=== Exercise goal ===
Skip the pictures and repeat each line of the data exactly.
*** Supplied records Section Begins ***
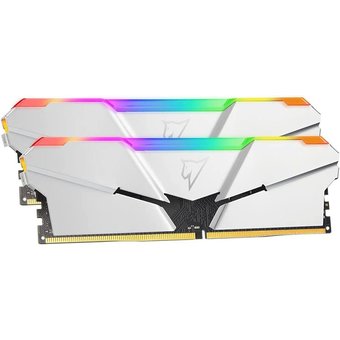  ОЗУ Netac Shadow RGB NTSRD4P32DP-16S DDR4 16GB (2x8GB) 3200MHz CL14 1.35V / Silver / with radiator 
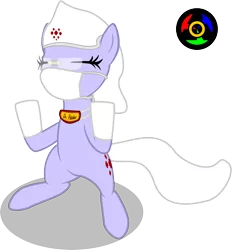 Size: 2172x2343 | Tagged: safe, artist:kyoshyu, derpibooru import, oc, oc:patsy patches, pony, female, high res, image, mare, mask, png, simple background, solo, surgical mask, transparent background, vector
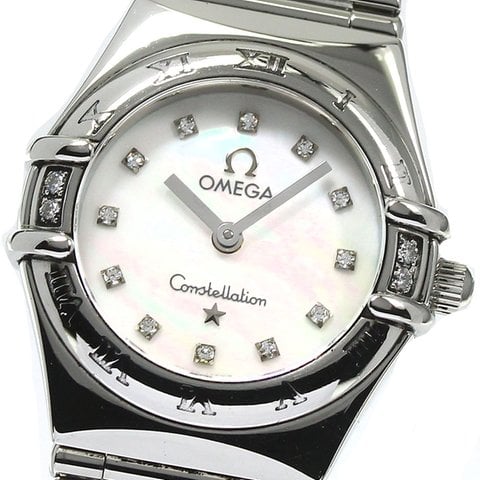 Omega Constellation Mini My Choice 1566 76 4P Diamond Bezel Ladies 12P Diamond Omega 1566.76 Constellation Mini My Choice Quartz 12P  main image 3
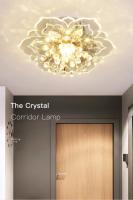 Lámpara LED de techo de cristal con forma de flor moderna, lámpara de techo para pasillo, sala de estar, dormitorio, cocina, pasillos - details 3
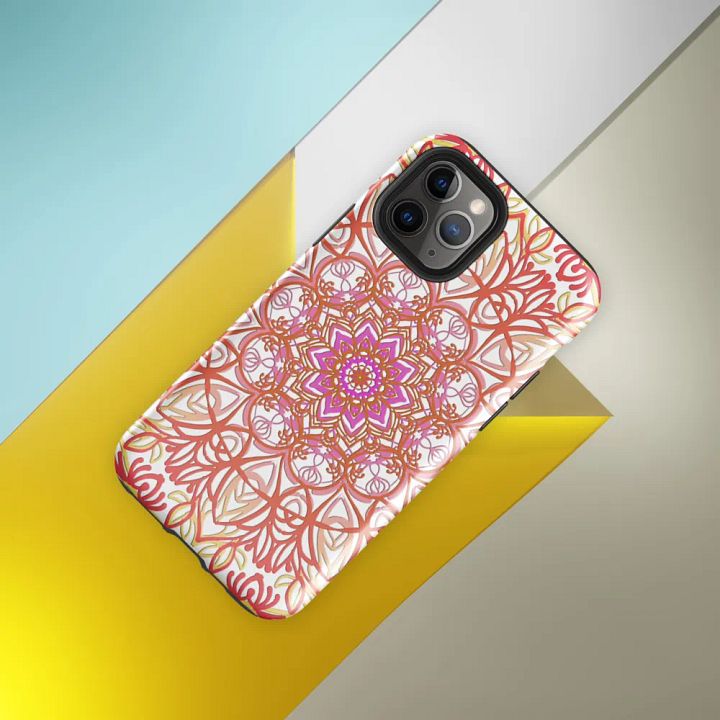 Radiant Mandala iPhone® Tough Case product image (1)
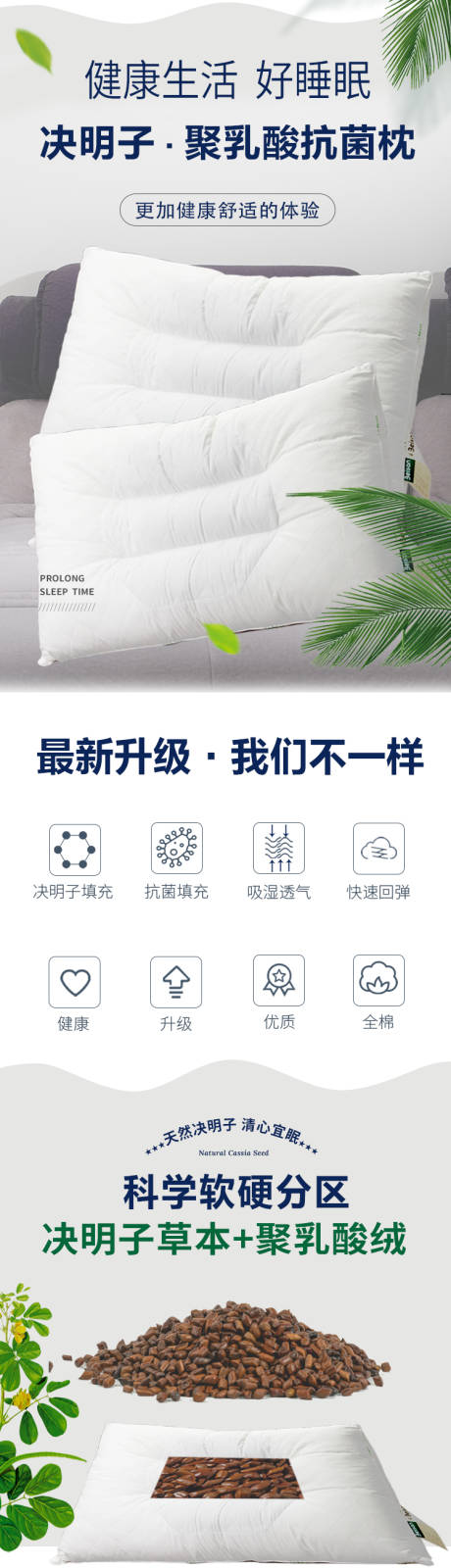 源文件下载【决明子枕头详情页】编号：55670018246512294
*** Supplied records Section Ends ***
=== Written reply ===
  ОЗУ Netac Shadow RGB NTSRD4P32DP-16S DDR4 16GB (2x8GB) 3200MHz CL14 1.35V / Silver / with radiator 
 Size: 2172x2343 | Tagged: safe, artist:kyoshyu, derpibooru import, oc, oc:patsy patches, pony, female, high res, image, mare, mask, png, simple background, solo, surgical mask, transparent background, vector
 Omega Constellation Mini My Choice 1566 76 4P Diamond Bezel Ladies 12P Diamond Omega 1566.76 Constellation Mini My Choice Quartz 12P  main image 3
 Lámpara LED de techo de cristal con forma de flor moderna, lámpara de techo para pasillo, sala de estar, dormitorio, cocina, pasillos - details 3
 Radiant Mandala iPhone® Tough Case product image (1)
 源文件下载【决明子枕头详情页】编号：55670018246512294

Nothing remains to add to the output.